Mit seiner Klage begehrt er sinngemäß die Feststellung, dass sich seine Anwartschaft weiterhin nach dem bis zum 31. Dezember 2001 geltenden Statut der Beklagten bestimme und durch den zum 1. Januar 2002 eingetretenen Systemwechsel in der Zusatzversorgung keine Verkürzung seiner Anwartschaft eintrete. Im Einzelnen hat er folgende Anträge angekündigt:
- Es wird festgestellt, dass zwischen den Parteien bis zum Eintritt des Versicherungsfalles ein Rechtsverhältnis nicht besteht.
- hilfsweise:
- Es wird festgestellt, dass das Rechtsverhältnis zwischen den Parteien sich nach dem Statut der Beklagten in der Fassung der 37. Änderung des Status richtet, soweit Ansprüche bis zum 31. Dezember 2001 erworben wurden.
- hilfsweise zu 1. und 2.:
- Es wird festgestellt, dass das Rechtsverhältnis zwischen den Parteien durch die Mitteilung vom 11. Dezember 2002 (Startgutschrift) der Höhe nach nicht bestimmt wird.
- hilfsweise zu 1. bis 3.:
- Es wird festgestellt, dass die Beklagte verpflichtet ist, bei Eintritt des Versicherungsfalles eine Rente zu gewähren, bei der Ausbildungs- und Vordienstzeiten nach dem Stand vom 31. Dezember 2001 mindestens zur Hälfte als gesamtversorgungsfähige Zeit bei dem Nettoversorgungssatz berücksichtigt werden.
- weiterhin hilfsweise zu 1. bis 3.:
- Es wird festgestellt, dass die Beklagte verpflichtet ist, dem Kläger die zum 31. Dezember 2001 festgestellte Startgutschrift bis zum Eintritt des Versicherungsfalles anzupassen in dem Umfange, in dem sein fiktives Nettoarbeitsentgelt vom 31. Dezember 2001 im Verhältnis zu seinem fiktiven Nettoarbeitsentgelt zum Zeitpunkt der Verrentung angestiegen ist.

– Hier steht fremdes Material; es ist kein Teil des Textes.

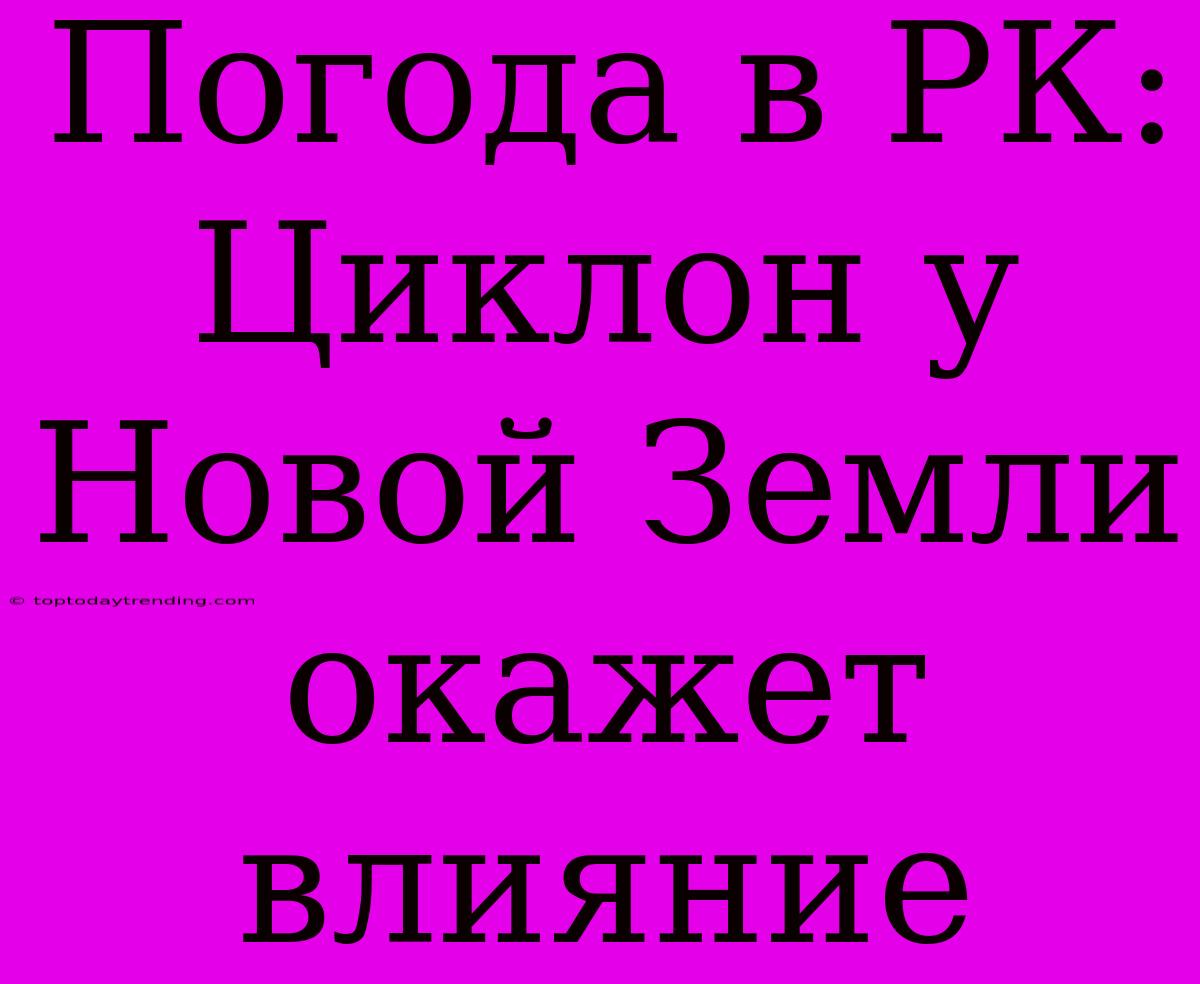 Погода В РК: Циклон У Новой Земли Окажет Влияние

Die Beklagte hat die Zulässigkeit des Rechtswegs gerügt. Demgegenüber hat der Kläger ausgeführt, bei der Zusatzversorgung handele es sich um Entgelt für die Arbeitsleistung. In der Anwartschaftsphase bestehe noch kein Rechtsverhältnis zwischen Versichertem und Zusatzversorgungskasse. Deshalb könne nur über das Deckungsverhältnis und darüber gestritten werden, ob und in welchem Umfang die Parteien auf Grund des Arbeitsverhältnisses und der Tarifverträge verpflichtet seien, einander künftig Leistungen zu gewähren. Der Streit um die vom Arbeitgeber versprochene Leistung, die ein Dritter zu erfüllen habe, sei eine Streitigkeit zwischen Arbeitgeber und Arbeitnehmer gemäß § 2 Abs. 1 Nr. 3 Buchst. a oder jedenfalls Nr. 4 Buchst. a ArbGG. Der Arbeitsvertrag nehme Bezug auf den Versorgungstarifvertrag, der Inhalt und Umfang des Leistungsversprechens der Beklagten bestimme. Das Streitverhältnis betreffe die Höhe der Anwartschaft und die Berechtigung der Tarifvertragsparteien, in diese einzugreifen. Außerdem sei die Beklagte eine gemeinsame Einrichtung der Tarifvertragsparteien.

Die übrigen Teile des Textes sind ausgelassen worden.